Il libro dell’autrice è un atto d’amore e un omaggio alla numerosa famiglia, già dalla dedica e in ogni pagina. Ma è anche un inno alla memoria, in grado di cogliere l’essenza piena della vita stessa, restituita con struggimento sia dagli eventi narrati, piccoli e pur sempre giganteschi agli occhi di una ragazzina, sia dal senso maturo della microstoria, veicolati dalla riflessione delle citazioni, in alto e in apertura di ogni capitolo. E gli amati autori dell’eclettico puzzle citazionistico, dall’antichità classica alla modernità (assieme alla frase di un film ordinario e all’indimenticato Jim Morrison), indicano con chiarezza un percorso culturale, filosofico, letterario e poetico, oltre a rivelare una sua ideale biblioteca internazionale (due gli italiani, U. Eco e M. Luzi), per meglio comprendere la formazione, l’indole, il cammino e l’anima della Cifarelli, stimata docente oggi in pensione. All’interno, appena tre le foto in bianco e nero (i genitori e lei bambina con il padre e poi con la maestra Elementare), in aggiunta a quella della copertina, che è sbiadita come lo sono talvolta i ricordi, ma del tutto coerente con il periodo di riferimento.

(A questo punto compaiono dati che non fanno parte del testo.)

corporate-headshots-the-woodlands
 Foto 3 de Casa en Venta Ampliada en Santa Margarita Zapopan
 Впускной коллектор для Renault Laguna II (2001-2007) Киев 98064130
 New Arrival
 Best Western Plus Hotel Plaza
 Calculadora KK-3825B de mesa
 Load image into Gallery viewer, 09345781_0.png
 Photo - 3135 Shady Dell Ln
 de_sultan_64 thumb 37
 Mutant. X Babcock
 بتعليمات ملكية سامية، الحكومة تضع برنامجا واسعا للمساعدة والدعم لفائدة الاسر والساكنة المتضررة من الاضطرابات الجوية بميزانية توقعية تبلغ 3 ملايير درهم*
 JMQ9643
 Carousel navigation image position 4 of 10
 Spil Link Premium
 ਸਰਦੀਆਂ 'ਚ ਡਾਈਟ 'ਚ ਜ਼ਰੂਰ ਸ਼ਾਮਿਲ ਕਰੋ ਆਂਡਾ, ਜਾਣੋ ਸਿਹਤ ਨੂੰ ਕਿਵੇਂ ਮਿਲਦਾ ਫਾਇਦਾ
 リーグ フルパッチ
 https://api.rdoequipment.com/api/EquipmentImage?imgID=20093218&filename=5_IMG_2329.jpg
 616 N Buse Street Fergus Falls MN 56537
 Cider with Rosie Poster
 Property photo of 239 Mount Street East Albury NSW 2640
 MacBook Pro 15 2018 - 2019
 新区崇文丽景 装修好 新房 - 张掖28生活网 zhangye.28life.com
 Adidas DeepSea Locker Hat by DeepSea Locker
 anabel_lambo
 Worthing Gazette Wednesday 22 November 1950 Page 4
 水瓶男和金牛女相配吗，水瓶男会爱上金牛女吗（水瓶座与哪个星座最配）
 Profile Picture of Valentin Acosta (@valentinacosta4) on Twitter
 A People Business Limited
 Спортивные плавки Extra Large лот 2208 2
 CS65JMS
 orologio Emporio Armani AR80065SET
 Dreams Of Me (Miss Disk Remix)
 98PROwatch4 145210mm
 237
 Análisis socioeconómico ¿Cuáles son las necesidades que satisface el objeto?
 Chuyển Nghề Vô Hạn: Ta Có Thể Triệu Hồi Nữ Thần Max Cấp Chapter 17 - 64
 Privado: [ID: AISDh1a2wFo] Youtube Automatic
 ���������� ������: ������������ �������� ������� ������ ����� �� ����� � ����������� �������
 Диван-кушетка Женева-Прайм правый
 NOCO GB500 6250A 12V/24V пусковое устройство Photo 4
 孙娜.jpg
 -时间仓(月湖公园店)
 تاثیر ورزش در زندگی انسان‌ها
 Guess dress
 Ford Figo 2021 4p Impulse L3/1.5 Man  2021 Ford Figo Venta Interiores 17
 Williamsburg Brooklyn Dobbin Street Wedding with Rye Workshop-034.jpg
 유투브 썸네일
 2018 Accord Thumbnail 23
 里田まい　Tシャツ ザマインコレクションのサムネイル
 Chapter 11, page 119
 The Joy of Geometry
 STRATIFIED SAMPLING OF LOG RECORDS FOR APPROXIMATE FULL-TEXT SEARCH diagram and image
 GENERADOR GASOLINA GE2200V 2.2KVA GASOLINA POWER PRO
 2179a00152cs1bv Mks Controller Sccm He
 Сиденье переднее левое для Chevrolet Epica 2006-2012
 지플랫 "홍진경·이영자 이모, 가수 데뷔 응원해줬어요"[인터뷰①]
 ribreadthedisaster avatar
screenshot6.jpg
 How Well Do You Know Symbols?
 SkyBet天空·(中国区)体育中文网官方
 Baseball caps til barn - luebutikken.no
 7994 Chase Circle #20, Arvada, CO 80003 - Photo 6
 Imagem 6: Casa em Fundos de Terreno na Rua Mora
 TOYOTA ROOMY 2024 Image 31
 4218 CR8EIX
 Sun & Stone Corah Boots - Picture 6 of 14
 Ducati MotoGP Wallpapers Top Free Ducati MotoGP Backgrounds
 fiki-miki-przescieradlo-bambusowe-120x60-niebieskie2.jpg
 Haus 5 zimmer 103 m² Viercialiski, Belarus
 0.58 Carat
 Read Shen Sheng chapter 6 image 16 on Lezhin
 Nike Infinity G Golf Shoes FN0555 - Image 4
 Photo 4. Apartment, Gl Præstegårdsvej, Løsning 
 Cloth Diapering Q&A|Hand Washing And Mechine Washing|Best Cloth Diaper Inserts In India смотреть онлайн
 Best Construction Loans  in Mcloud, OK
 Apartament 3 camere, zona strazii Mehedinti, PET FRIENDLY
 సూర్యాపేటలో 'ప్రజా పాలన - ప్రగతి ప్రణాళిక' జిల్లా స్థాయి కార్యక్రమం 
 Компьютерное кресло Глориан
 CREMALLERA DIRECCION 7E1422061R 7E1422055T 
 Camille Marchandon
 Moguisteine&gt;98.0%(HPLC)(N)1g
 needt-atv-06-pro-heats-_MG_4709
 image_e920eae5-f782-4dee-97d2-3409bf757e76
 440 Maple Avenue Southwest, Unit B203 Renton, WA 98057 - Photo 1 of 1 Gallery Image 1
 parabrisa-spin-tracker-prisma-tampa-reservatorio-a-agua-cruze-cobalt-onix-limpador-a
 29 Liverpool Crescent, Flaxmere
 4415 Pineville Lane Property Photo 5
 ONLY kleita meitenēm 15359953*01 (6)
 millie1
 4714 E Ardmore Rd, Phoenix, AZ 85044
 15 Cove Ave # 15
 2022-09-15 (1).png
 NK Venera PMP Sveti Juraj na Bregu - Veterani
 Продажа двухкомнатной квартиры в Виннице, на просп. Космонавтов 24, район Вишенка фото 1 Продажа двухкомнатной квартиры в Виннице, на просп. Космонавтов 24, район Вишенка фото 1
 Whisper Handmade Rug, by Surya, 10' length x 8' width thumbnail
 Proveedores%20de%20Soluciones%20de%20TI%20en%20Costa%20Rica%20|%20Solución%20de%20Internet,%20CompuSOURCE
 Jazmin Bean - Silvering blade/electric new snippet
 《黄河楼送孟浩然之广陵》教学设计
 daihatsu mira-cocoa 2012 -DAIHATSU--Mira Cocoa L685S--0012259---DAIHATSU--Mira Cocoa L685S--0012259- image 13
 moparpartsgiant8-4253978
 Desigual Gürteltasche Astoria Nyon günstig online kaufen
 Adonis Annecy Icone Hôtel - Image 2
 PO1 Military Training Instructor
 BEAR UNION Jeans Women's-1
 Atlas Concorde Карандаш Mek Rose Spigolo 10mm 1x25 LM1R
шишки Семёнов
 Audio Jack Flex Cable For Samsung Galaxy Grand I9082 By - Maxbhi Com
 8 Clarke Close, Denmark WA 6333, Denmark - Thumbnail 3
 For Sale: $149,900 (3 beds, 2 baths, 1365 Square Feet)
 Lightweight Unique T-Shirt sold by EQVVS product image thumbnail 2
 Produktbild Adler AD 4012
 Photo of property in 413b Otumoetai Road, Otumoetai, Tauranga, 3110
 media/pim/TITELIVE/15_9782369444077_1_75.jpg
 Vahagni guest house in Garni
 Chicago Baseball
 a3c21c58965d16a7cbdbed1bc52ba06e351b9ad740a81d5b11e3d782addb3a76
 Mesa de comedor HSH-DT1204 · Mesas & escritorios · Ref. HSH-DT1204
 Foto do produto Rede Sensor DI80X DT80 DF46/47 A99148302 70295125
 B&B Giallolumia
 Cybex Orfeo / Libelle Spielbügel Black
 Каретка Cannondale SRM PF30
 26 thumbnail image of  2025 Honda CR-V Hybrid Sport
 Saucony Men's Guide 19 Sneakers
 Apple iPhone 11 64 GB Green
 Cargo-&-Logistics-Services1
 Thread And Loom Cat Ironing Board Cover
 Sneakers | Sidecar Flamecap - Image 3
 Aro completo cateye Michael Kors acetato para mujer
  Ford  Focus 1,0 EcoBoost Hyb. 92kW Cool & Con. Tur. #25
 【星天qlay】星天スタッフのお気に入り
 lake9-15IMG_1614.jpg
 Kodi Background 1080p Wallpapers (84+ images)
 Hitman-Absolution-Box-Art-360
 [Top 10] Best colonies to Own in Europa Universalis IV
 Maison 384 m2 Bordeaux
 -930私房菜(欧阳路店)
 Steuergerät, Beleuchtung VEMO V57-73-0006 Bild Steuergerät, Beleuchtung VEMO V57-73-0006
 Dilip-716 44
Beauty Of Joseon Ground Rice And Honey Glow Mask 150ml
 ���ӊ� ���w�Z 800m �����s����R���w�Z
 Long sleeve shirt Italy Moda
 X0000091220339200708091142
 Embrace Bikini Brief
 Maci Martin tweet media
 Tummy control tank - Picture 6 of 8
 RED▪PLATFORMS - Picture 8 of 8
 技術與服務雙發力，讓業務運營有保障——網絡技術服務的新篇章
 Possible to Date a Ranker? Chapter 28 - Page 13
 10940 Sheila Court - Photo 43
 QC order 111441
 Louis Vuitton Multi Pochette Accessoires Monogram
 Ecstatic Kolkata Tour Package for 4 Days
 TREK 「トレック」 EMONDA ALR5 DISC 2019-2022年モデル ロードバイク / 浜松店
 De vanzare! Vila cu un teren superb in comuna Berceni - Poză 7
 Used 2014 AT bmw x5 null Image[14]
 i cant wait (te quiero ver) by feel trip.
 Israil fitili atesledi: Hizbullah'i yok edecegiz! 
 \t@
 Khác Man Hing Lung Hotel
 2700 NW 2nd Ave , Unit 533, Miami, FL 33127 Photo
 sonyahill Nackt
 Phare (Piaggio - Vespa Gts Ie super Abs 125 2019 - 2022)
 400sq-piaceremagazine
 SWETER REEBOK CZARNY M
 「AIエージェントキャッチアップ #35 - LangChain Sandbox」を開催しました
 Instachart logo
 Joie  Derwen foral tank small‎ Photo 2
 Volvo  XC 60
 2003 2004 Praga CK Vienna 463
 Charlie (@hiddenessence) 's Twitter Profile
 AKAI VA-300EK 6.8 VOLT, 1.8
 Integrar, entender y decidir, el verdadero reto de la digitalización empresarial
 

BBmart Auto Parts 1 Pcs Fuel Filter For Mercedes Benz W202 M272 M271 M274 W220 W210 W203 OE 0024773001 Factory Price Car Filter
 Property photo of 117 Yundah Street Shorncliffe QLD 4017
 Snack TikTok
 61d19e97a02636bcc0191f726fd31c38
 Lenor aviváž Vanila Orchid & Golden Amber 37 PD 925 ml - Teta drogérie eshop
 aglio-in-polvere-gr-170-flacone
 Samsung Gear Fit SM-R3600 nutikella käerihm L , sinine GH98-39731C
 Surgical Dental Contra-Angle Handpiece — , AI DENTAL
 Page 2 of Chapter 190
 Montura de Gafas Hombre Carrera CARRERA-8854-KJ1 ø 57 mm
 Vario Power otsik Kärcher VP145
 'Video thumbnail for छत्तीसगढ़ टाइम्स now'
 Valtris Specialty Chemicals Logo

La lettura è sempre agevole e il nutrimento intellettuale che ne deriva pare oscillare in perfetto equilibrio tra sentimento e ragione. Un testo capace di liberare una feconda e nostalgica immaginazione, scritto con padronanza e impreziosito dal dono della chiarezza anche concettuale. Quella della prof.ssa Cifarelli è una testimonianza profondamente autentica che coinvolge ed emoziona, perciò da preservare per gli “allievi” che verranno, come un piccolo gioiello da custodire nella nicchia del tempo. E da leggere con il sorriso complice e affettuoso che si deve sempre a chi ha saputo acutamente osservare la propria realtà per meglio stimolare se stessa e noi a crescere migliori. La conoscenza del passato ha questo di buono, ci rende più sicuri e più liberi. Comprensibile e prorompente il sentimento della nostalgia, il senso di verità e, perché no, la poesia del quotidiano.

Marilena Cifarelli, Ora è diverso, prefazione Roberto Cifarelli, 2006, ristampa Arteprint Matera, 2010, pp. 79.